La guerra puso a prueba la capacidad de los virreyes. Cada uno se esforzó y aplicó las medidas cautelares que consideró pertinentes para frenar la rebelión, las que a su vez hicieron que los insurgentes rediseñaran sus propias estrategias para contrarrestar la represión. Como también su prestigio estuvo en juego, cada uno se preocupó y dedicó todo su tiempo y energía en afianzar la lealtad a la Corona española.

Muchas de las órdenes de Venegas no pudieron cumplirse porque una gran parte no llegó a tiempo a su destino debido a que los caminos fueron interceptados por los insurgentes, lo que dio lugar a que los oficiales realistas, que estuvieron incomunicados por largas temporadas, empezaran a actuar por su propia cuenta y a disponer a discreción de los fondos de la hacienda real.

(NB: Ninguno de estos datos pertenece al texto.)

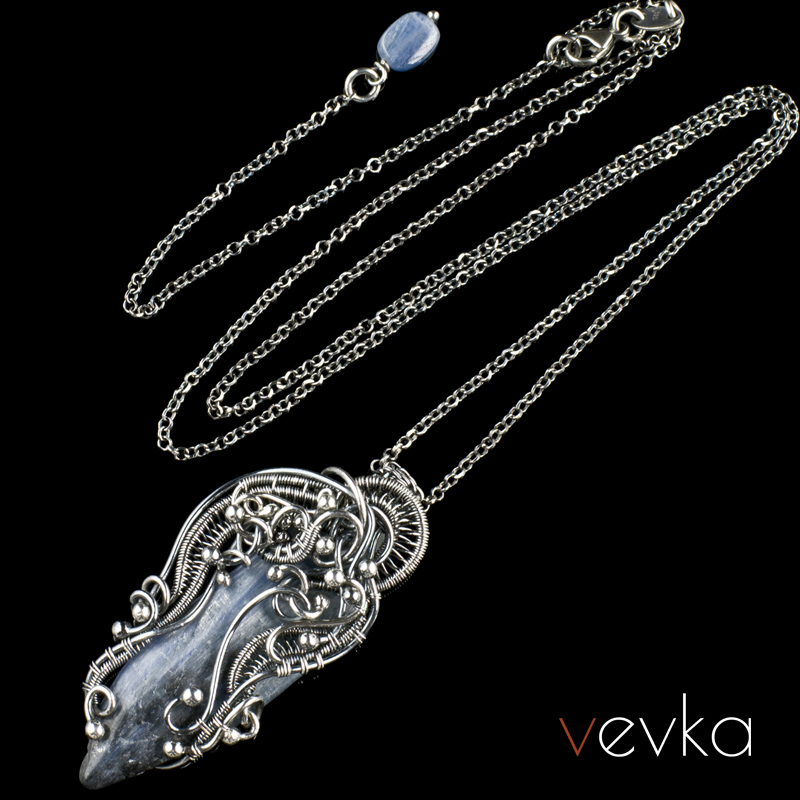 Kyanite Pendant 'Kingdom of Heaven'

Venegas publicó varios bandos y proclamas en las que condenó la insurrección, destacando que era contraria a Dios, al rey y a la patria. En la que publicó el 23 de septiembre de 1810 exhortó a los novohispanos a mantenerse unidos frente a la rebelión y prohibió la publicación de textos insurgentes; en el bando del 27 de este mismo mes, ofreció diez mil pesos por las cabezas de los líderes, y en el del 5 de octubre dispuso la creación de batallones de patriotas leales a Fernando VII. El 31 de diciembre, cuando Guadalajara estuvo ocupada por los rebeldes, dirigió un mensaje a los habitantes de esta ciudad en el que les ofreció el indulto y les recordó que con darles asilo a los insurrectos estaban conspirando contra la patria.

El virrey también se apoyó en el alto clero y en los escritores fieles al monarca, a quienes instó a publicar textos condenatorios de la insurrección. En agosto de 1811, resintiendo ya la falta de recursos para financiar la guerra, pidió un donativo a los propietarios del reino para auxiliar a las fuerzas realistas.

Después de la batalla de Puente de Calderón (enero de 1811), Venegas utilizó otro recurso para afianzar la fidelidad de los oficiales y soldados realistas en vista de que la deslealtad hacia la Corona española crecía a diario: el otorgamiento de premios y recompensas, pero estos incentivos, en lugar de estimularlos, acabó por despertar la codicia y la envidia entre ellos.

El reglamento que publicó el 17 de agosto de este año tuvo como propósito restringir el tránsito de hombres y mujeres porque había alcanzado niveles preocupantes desde el inicio de la insurrección; a partir de ese día, quienes necesitaban ir de un lugar a otro tuvieron que conseguir un salvoconducto. También restringió el uso del caballo y la portación de armas blancas.

A partir de 1812 aplicó medidas más rigurosas para castigar a los infidentes. Una de ellas fue el bando del 25 de junio, que aplicó la pena de muerte a los sacerdotes insurgentes. En este año hizo todo lo posible para retardar la aplicación de la Constitución de Cádiz porque reducía sus facultades y concedía la libertad de imprenta. Fue esta resistencia, las acusaciones de que procedía sin plan coherente y eficaz para combatir a los rebeldes, así como los constantes conflictos con Calleja, lo que ocasionó su destitución a finales de febrero de 1813.